How to get started in development¶

This is a step-by-step guide to get started with NOMAD development. You will clone all sources, set up a Python and Node.js environment, install all necessary dependencies, run the infrastructure in development mode, learn to run the test suites, and set up Visual Studio Code for NOMAD development.

For installing and using the NOMAD Python package nomad-lab directly, see Manage and find data > Programmatically > API Overview.

Clone the sources¶

If you're planning on developing the core nomad package alongside other plugins, consider using the nomad-distro-dev setup as described at the end of this page.

If not already done, you should clone NOMAD. If you have an account at the MPDCF GitLab, you can clone with the SSH URL:

git clone git@gitlab.mpcdf.mpg.de:nomad-lab/nomad-FAIR.git nomad

Otherwise, clone using the HTTPS URL:

git clone https://gitlab.mpcdf.mpg.de/nomad-lab/nomad-FAIR.git nomad

Then change directory to nomad

cd nomad

There are several branches in the repository. The master branch contains the latest released version, but there is also a develop (new features) and release branch (hotfixes). There are also tags for each version called vX.X.X. Check out the branch you want to work on.

git checkout develop

The development branches are protected and you should create a new branch including your changes.

git checkout -b <my-branch-name>

This branch can be pushed to the repo, and then later may be merged to the relevant branch.

Installation¶

Set up a Python environment¶

The NOMAD code currently requires Python 3.12. You should work in a Python virtual environment.

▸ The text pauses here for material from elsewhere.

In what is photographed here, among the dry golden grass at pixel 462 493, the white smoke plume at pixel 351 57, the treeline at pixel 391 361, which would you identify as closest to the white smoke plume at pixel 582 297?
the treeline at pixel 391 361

For developers using VSCode, in case you encounter any issues with breakpoints not triggering, consider upgrading to py3.12.

Pyenv¶

If your host machine has an older version installed, you can use pyenv to use Python 3.12 in parallel with your system's Python.

Virtualenv¶

Create a virtual environment. It allows you to keep NOMAD and its dependencies separate from your system's Python installation. Make sure that the virtual environment is based on Python 3.12. Use either the built-in venv module (see example) or virtualenv.

python3 -m venv .pyenv
source .pyenv/bin/activate

Conda¶

If you are a conda user, there is an equivalent, but you have to install pip and the right Python version while creating the environment.

conda create --name nomad_env pip python=3.12
conda activate nomad_env

To install libmagick for Conda, you can use (other channels might also work):

conda install -c conda-forge --name nomad_env libmagic

Upgrade pip¶

Make sure you have the most recent version of pip:

pip install --upgrade pip

Install missing system libraries (e.g. on Windows, macOS)¶

Even though the NOMAD infrastructure is written in Python, there are C libraries required by some of our Python dependencies. Specifically, the libmagic library, which allows determining the MIME type of files, and the hdf5 library, which is essential for handling HDF5 files, must be installed on most Unix/Linux systems.

The absence of these libraries can lead to issues during installation or runtime.

For macOS:

brew install hdf5 libmagic file-formula

For Windows (pre-compiled binaries for hdf5 are included in the dependencies):

-libmagic: We include python-magic-bin as a dependency for Windows users. If you encounter an error such as NameError: name '_compressions' is not defined, try uninstalling and reinstalling the library:

pip uninstall python-magic-bin
pip install python-magic-bin

You can confirm that the magic library is correctly installed by running:

python -c "import magic"

Install NOMAD¶

The following command can be used to install NOMAD.

./scripts/setup_dev_env.sh

Installation details

Here is more detailed rundown of the installation steps.

Previous build is cleaned:

rm -rf nomad/app/static/docs
rm -rf nomad/app/static/gui
rm -rf site

We use uv to install the packages. You can install uv using pip install uv.

Next we install the nomad package itself (including all extras). The -e option will install NOMAD with symbolic links that allow you to change the code without having to reinstall after each change.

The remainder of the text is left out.